### WORK TO BE COMPLETED
Please output only the lines running from the one that contains "Gebraucht Audi A4" through the last line of the data below, exactly as they stand, with no pictures.

### RECORD EXCERPTS
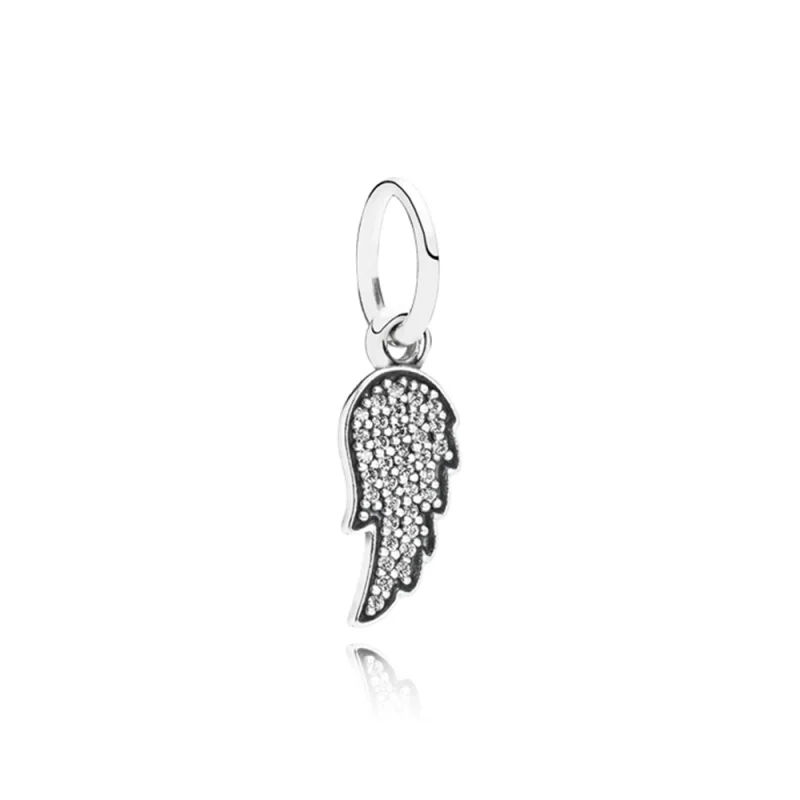 (obrázek pro) Přívěsek PANDORA symbol poučení, sterlingové stříbro, kubická zirkonie - 791352CZ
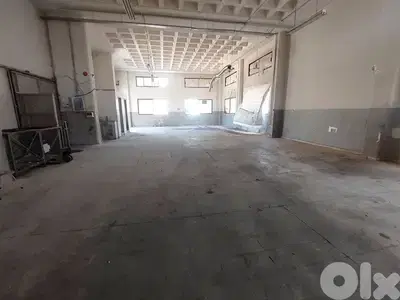 360 SQM Industrial Warehouse in Dekwaneh, Metn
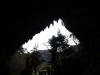Entrada a la Cueva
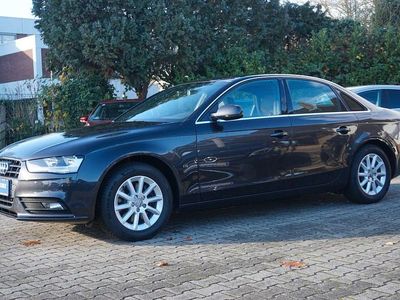 Gebraucht Audi A4 Ambiente 177 PS (130 kW) 2012 Braun Limousine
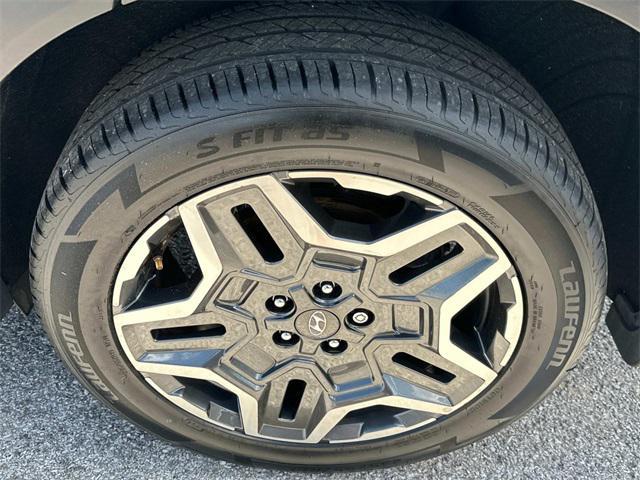 used 2022 Hyundai Santa Fe car, priced at $25,980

### SOLUTION TO THE PROBLEM
 Gebraucht Audi A4 Ambiente 177 PS (130 kW) 2012 Braun Limousine
 used 2022 Hyundai Santa Fe car, priced at $25,980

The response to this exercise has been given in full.